An asymmetric cryptosystem uses randomly generated public and private keys. Anybody can encrypt data using a public key, but only those with the corresponding private key can decode the data.
The public and private keys are mathematically related. Only a related key pair can encrypt and decrypt data. The encrypted information will be unreadable if the corresponding private key for decryption is missing.
In PKI, the sender and receiver don’t share the same key. PKI is used only for short messages.
¶Private Key
The private key is kept secret and is only accessible by the owner.
In a symmetric cryptosystem, the same key (secret key) is used for encryption and decryption. In this cryptography scheme, the sender and receiver share the same key.
Furthermore, a private key decrypts the cipher text in the asymmetric cryptosystem. A digital signature created using the private key can be confirmed using the associated public key. A private key is faster than a public key and applicable to high-volume text content.
¶Pre-master Secret
The client generates a 48-bit pre-master secret and sends it to the server mainly to compute master secrets.
The client encrypts the pre-master secret using the server public key obtained from the server’s certificate. The server decrypts the message using the private key. The client and the server use the pre-master secret to produce the symmetric keys for the secured portion of the session.
The algorithm and parameters used during the data exchange affect the length of the message. We want a fixed-length value to derive the keys for any cipher suite. The pre-master secrets serve this purpose.
¶Master Secret
The client and server use the master secret to generate the session key.
The server decrypts the pre-master secret key using its private key after receiving it.
The client and the server use a Pseudo-Random Function (PRF) to calculate the master secret key. PRF is a deterministic algorithm with two inputs and a single output. PRF obtains its result by iterating a hash-based message authentication code (HMAC) based on the SHA256 hash function.
Let’s discuss how the pre-master secret creates the master secret key. The RFC guideline to calculate the fixed-length value master secret using the pre-master secret is:
1 | master_secret=PRF(pre-master_secret, "Master Secret",ClientHello.rando+ServerHello.random) |
The master secret is a function of the client and server randoms that were previously exchanged between the client and the server during the handshake stage.
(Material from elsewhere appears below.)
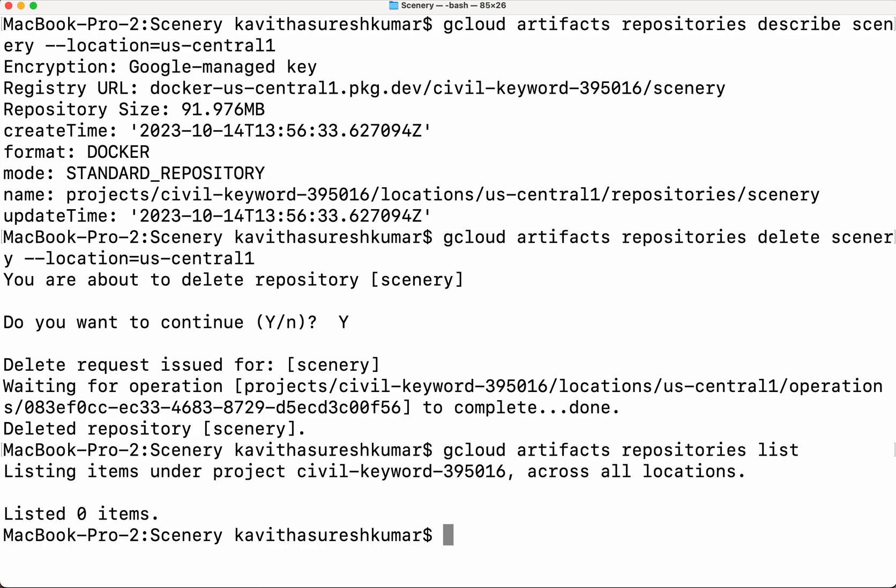In this demo we have seen how to create and delete GCP Artifact Registry repositories using the gcloud CLI. We also learned how to build a simple Docker image and push the image to the GCP Artifact Registry repository. If you like this demo please do like, share, and subscribe. Thanks for watching.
Further, the first three inputs to PRF are string representations of byte sequences. So, the addition operator in the above code concatenates the random. A master secret key is 48 bytes long and computed using random values.
¶When to Use Different Keys?
The following table shows at what stage of communication between client and server the shared secret, pre-master secret, public key, private key, and master secret are used:
Stage | Keys Involved |
---|---|
Client-server hello | Shared secret (Session ID) |
Certificate exchange | Server’s public key |
Client key exchange | The client creates a pre-master secret and uses a public key to encrypt it, while the server uses its private key to decrypt it |
Server key exchange | Optional - required only if the server’s certificate is insufficient for authentication |
Post handshake | Both client and server use master secret for symmetric encryption/decryption |
¶Conclusion
In this article, we talked about SSL handshakes, shared secrets, pre-master secrets, master secrets, and public/private keys.
A key-agreement technique, such as PKI, is used to construct the shared secret at the beginning of the SSL/TLS communication session. The server uses its public key for encryption and its private key for decryption.
Once the client and the server receive a hello done message, the client sends a pre-master secret to the server to compute a master secret using PRF.
Lastly, after the handshake, for the rest of the session, the client and the server use the master secret to generate the session keys for symmetric data encryption/decryption.